Sharding: Splitting data across multiple databases/servers.

👉 You can think of partitioning as organizing one warehouse, while sharding is opening multiple warehouses in different cities.

Types of Sharding

Horizontal Sharding (Row Based)

Data is split by rows across shards.

Example: Users with ID 1–1M go to Shard 1, 1M–2M go to Shard 2.

-- Shard 1 (users 1–1M)
SELECT * FROM Users WHERE UserID BETWEEN 1 AND 1000000;

-- Shard 2 (users 1M–2M)
SELECT * FROM Users WHERE UserID BETWEEN 1000001 AND 2000000;

Vertical Sharding (Feature Based)

Data is split by tables or features.

Example:

Shard 1 → Users, Profiles
Shard 2 → Orders, Payments

Directory Based Sharding

A lookup service (shard map) decides which shard to query.

Pros: Flexible
Cons: Adds dependency on the directory service

Hash Based Sharding

Rows are distributed using a hash function on a column (e.g., UserID % 4).

Shard = UserID % 4;

Pros: Distributes load evenly.
Cons: Harder to re-shard if you add more servers.

Geo Sharding

Data is sharded by geography (e.g., Asia users in Asia shard).

Reduces latency.
Helps with data compliance (GDPR, data residency).

Benefits of Sharding

✅ Scales beyond a single machine.
✅ Faster queries (smaller dataset per shard).
✅ Supports geo-distribution.
✅ Fault isolation (shard outage doesn’t kill entire DB).

Challenges of Sharding

❌ Complex to implement (routing, rebalancing).
❌ Cross-shard queries are slow and complicated.
❌ Schema changes must be applied across all shards.
❌ Data rebalancing when adding shards can be costly.

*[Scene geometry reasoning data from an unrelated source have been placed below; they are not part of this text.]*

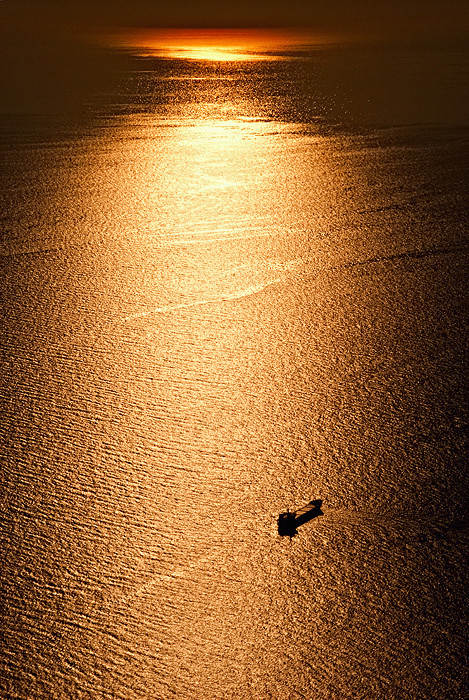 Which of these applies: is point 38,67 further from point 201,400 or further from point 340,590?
point 340,590

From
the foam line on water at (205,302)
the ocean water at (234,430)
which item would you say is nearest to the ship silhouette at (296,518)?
the ocean water at (234,430)

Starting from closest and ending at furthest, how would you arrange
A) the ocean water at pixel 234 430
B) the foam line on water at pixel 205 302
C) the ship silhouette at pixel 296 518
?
the ocean water at pixel 234 430, the ship silhouette at pixel 296 518, the foam line on water at pixel 205 302

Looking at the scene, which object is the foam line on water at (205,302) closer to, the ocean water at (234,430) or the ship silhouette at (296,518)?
the ocean water at (234,430)

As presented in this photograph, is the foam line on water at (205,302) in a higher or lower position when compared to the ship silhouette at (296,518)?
higher

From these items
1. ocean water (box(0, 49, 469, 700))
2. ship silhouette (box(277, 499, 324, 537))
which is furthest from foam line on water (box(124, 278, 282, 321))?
ship silhouette (box(277, 499, 324, 537))

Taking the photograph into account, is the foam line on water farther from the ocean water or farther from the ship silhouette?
the ship silhouette

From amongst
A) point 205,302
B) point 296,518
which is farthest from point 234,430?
point 205,302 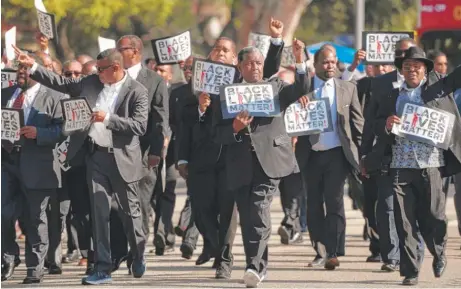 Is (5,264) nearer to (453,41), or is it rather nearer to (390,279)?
(390,279)

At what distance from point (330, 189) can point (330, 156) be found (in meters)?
0.31

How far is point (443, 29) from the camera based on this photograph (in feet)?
78.9

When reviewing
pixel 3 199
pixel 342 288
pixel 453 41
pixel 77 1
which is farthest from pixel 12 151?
pixel 77 1

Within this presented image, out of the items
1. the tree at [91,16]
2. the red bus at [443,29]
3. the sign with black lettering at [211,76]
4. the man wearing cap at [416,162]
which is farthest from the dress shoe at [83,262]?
the tree at [91,16]

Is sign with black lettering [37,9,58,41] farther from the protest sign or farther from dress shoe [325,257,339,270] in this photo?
dress shoe [325,257,339,270]

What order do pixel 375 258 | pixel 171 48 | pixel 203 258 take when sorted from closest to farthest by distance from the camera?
pixel 203 258 → pixel 375 258 → pixel 171 48

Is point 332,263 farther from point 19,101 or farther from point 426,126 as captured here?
point 19,101

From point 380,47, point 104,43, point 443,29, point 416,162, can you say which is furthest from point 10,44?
point 443,29

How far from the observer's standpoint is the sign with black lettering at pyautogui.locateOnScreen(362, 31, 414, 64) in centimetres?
1622

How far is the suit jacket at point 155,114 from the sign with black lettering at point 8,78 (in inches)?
46.2

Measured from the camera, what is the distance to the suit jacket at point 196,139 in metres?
14.8

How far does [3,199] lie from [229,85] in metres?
2.35

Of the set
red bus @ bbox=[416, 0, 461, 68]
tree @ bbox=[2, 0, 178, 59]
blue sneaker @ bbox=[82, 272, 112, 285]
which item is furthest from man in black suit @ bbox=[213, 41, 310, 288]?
tree @ bbox=[2, 0, 178, 59]

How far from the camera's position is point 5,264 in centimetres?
1460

Real World Example: Social Media Platform

A social network with 1B+ users cannot store all user data on one server.

Solution:

Shard users by UserID % N.
Queries for one user (profile, posts) only hit one shard.
Global analytics (like “top 10 trending posts”) may still require aggregation across shards.

Best Practices

Pick shard key carefully (UserID, Region, etc.).
Avoid cross-shard joins when possible.
Use middleware (like Vitess, Citus, or custom shard routers).
Plan for resharding from day one.

Summary

Sharding distributes data across multiple databases/servers.
Types include Horizontal, Vertical, Directory-Based, Hash-Based, Geo Sharding.
Solves scalability but introduces complexity.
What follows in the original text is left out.